### GIVEN INFORMATION
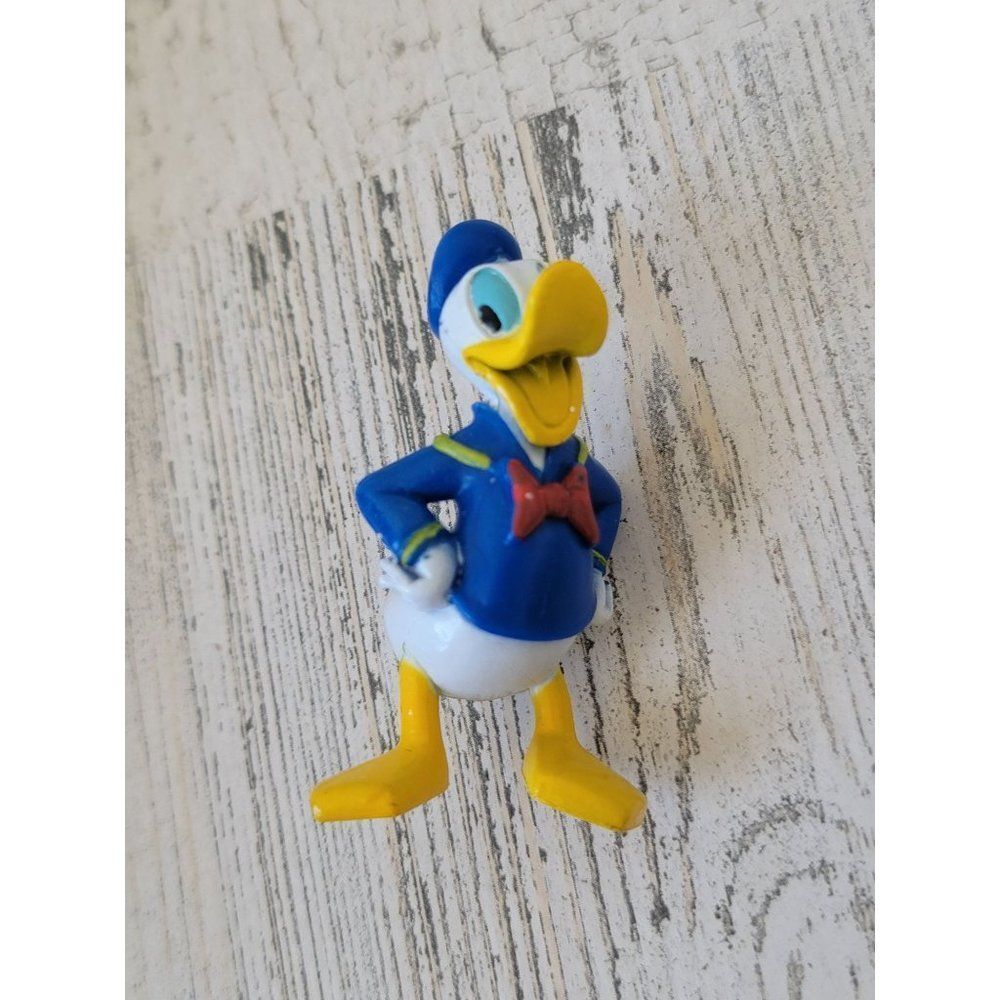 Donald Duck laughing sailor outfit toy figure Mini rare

* * *

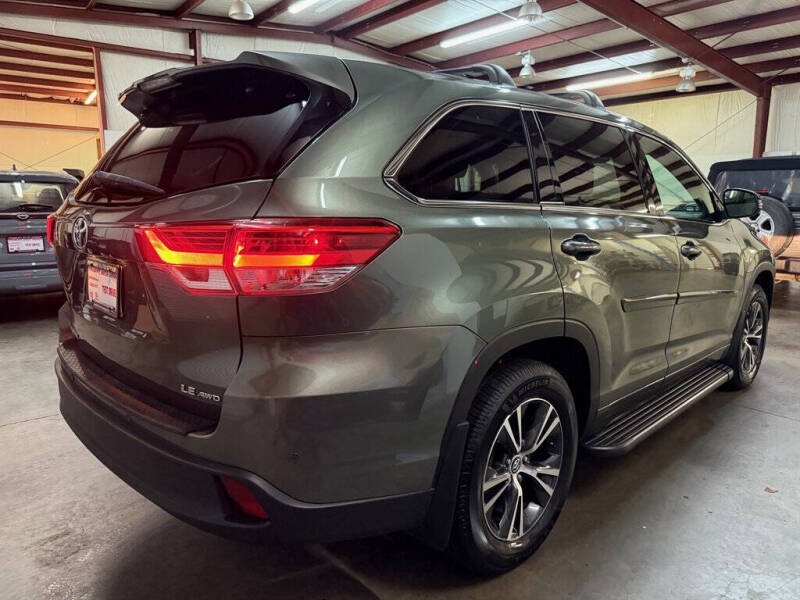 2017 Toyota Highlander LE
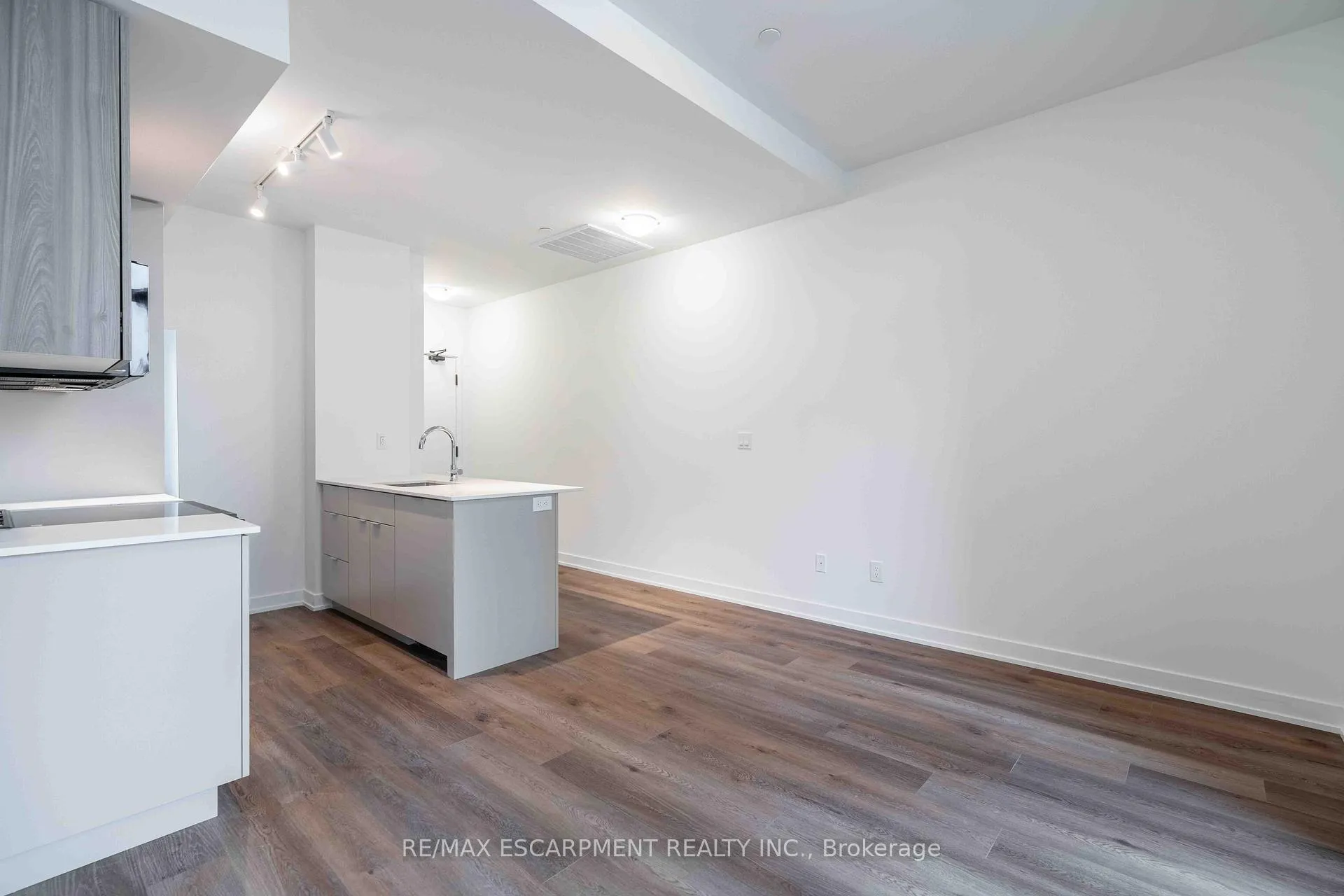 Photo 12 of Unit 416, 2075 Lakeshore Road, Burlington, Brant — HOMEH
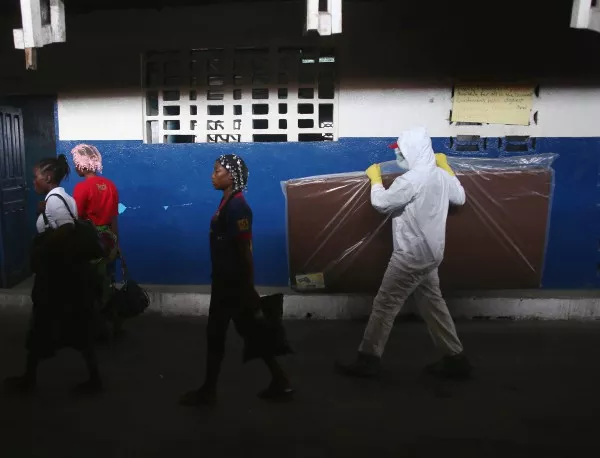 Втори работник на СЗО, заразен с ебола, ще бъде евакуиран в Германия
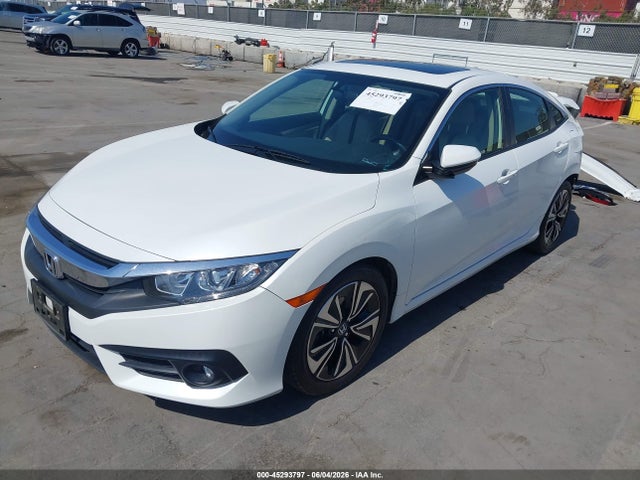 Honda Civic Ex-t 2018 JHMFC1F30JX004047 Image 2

* * *

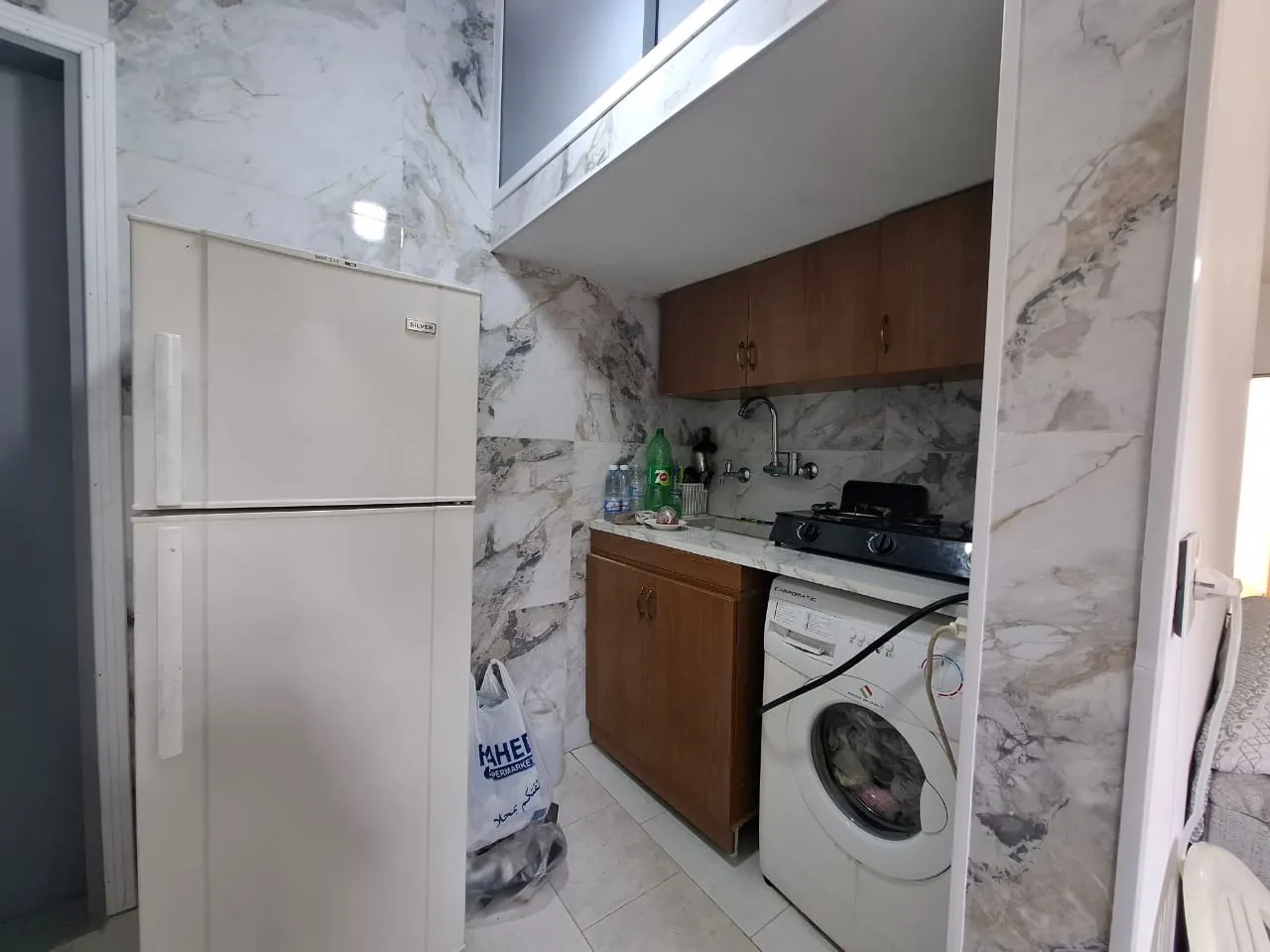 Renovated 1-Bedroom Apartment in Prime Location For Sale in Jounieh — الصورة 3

### BRIEF
Return the lines above from the one with "Втори работник на" through the one with "Honda Civic Ex-t", verbatim and nothing else. Omit every picture.

### EXPECTED ANSWER
 Втори работник на СЗО, заразен с ебола, ще бъде евакуиран в Германия
 Honda Civic Ex-t 2018 JHMFC1F30JX004047 Image 2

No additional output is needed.